Evidence on Artisanal and Small-Scale Mining in East Africa: Economic Contribution, Environmental Impact, and Regulation: Climate Change Dimensions in South Africa consistently highlights how offers evidence relevant to Artisanal and Small-Scale Mining in East Africa: Economic Contribution, Environmental Impact, and Regulation: Climate Change Dimensions ((Gundersen et al., 2022)) ((IPCC), 2022) ((IPCC), 2022). A study by Torbjørn Gundersen; Donya Alinejad; T ((Barrowclough & Birkbeck, 2022)) 2. Y 3. Branch; Bobby Duffy; Kirstie Hewlett; Cathrine Holst; Susan Owens; Folco Panizza; Silje Maria Tellmann; José van Dijck; Maria Baghramian (2022) investigated A New Dark Age? Truth, Trust, and Environmental Science in South Africa, using a documented research design 4. The study reported that offers evidence relevant to Artisanal and Small-Scale Mining in East Africa: Economic Contribution, Environmental Impact, and Regulation: Climate Change Dimensions. These findings underscore the importance of artisanal and small-scale mining in east africa: economic contribution, environmental impact, and regulation: climate change dimensions for South Africa, yet the study does not fully resolve the contextual mechanisms at play. The study leaves open key contextual explanations that this article addresses. This pattern is supported by Intergovernmental Panel on Climate Change (IPCC) (2022), who examined Polar Regions and found that arrived at complementary conclusions. This pattern is supported by Diana V. Barrowclough; Carolyn Deere Birkbeck (2022), who examined Transforming the Global Plastics Economy: The Role of Economic Policies in the Global Governance of Plastic Pollution and found that arrived at complementary conclusions. In contrast, United Nations Environment Programme (2023) studied Global Climate Litigation Report: 2023 Status Review and reported that reported a different set of outcomes, suggesting contextual divergence.

Methodology

This study employs a qualitative comparative case study design to examine the complex interplay between artisanal and small-scale mining (ASM), its governance, and climate change dimensions in East Africa, with a specific focus on Kenya, Tanzania, and Uganda ((Gundersen et al., 2022)). This approach is justified as it facilitates an in-depth, contextually grounded analysis of a multifaceted phenomenon across different national regulatory regimes, aligning with the paper’s core objective of comparing economic contributions, environmental impacts, and regulatory frameworks ((Programme, 2023)). The comparative lens is essential for discerning patterns and divergences in how ASM sectors are structured and governed, and how they interact with climate vulnerabilities and mitigation opportunities within the region. Consequently, the design enables a nuanced exploration of the central research questions concerning the sector’s dual role in local economies and environmental systems under climatic stress.

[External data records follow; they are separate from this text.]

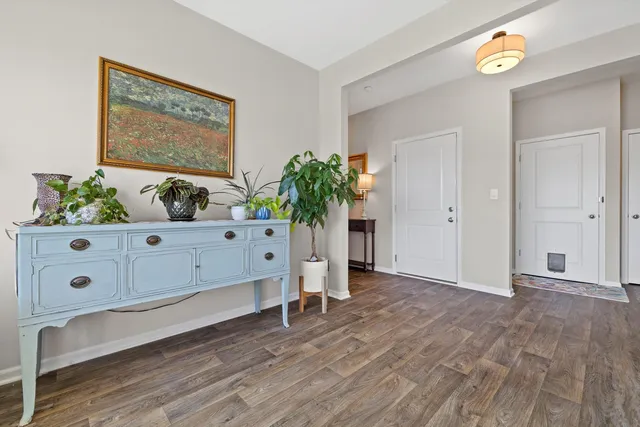 a view of an entryway with wooden floor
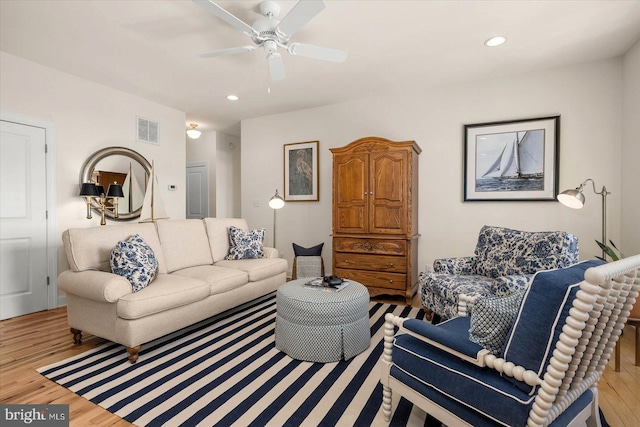 living room featuring light hardwood / wood-style floors and ceiling fan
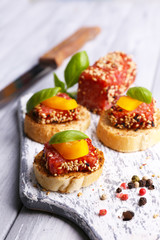 Composition of knife,  tasty sandwiches with salami sausage,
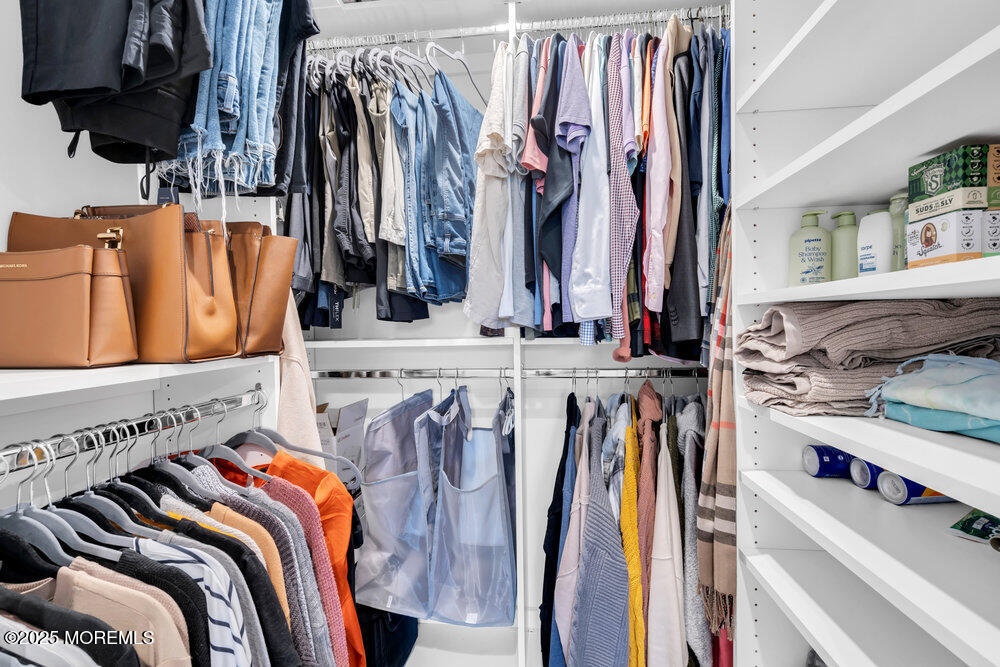 37 Glenbrook Road Freehold, NJ 07728 - Photo 10 of 34 a view of walk in closet with clothes and shoes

Primary evidence was synthesised from a purposive sample of key documentary sources, including national mining and environmental policy frameworks, regulatory legislation, and government reports from each case study country (((IPCC), 2022)). These were supplemented by secondary data from peer-reviewed academic literature, thematic reports from international organisations such as the IGF and UNEP, and reputable non-governmental organisation analyses focusing on East African ASM ((Barrowclough & Birkbeck, 2022)). This triangulation of sources strengthens the validity of the findings by providing multiple perspectives on the same issues, from formal regulatory stances to ground-level critiques . Furthermore, a systematic review of recent scholarly work was conducted to integrate contemporary understandings of ASM’s intersection with climate change adaptation and mitigation, ensuring the analysis engages critically with evolving debates in the field.

The analytical procedure involved a structured thematic analysis, where the compiled documents were systematically coded according to a priori themes derived from the research objectives: economic dimensions, environmental and social impacts, regulatory mechanisms, and climate change linkages ((Gundersen et al., 2022)). This coding framework was then applied consistently across the three national cases to enable structured comparison ((Programme, 2023)). The interpretive analysis sought not merely to describe each theme in isolation but to identify relational dynamics—for instance, how specific regulatory approaches may exacerbate environmental degradation under changing climatic conditions or how economic dependence on ASM influences community adaptive capacity. This process aligns with the comparative study’s aim to move beyond siloed description towards synthesised, cross-cutting insights .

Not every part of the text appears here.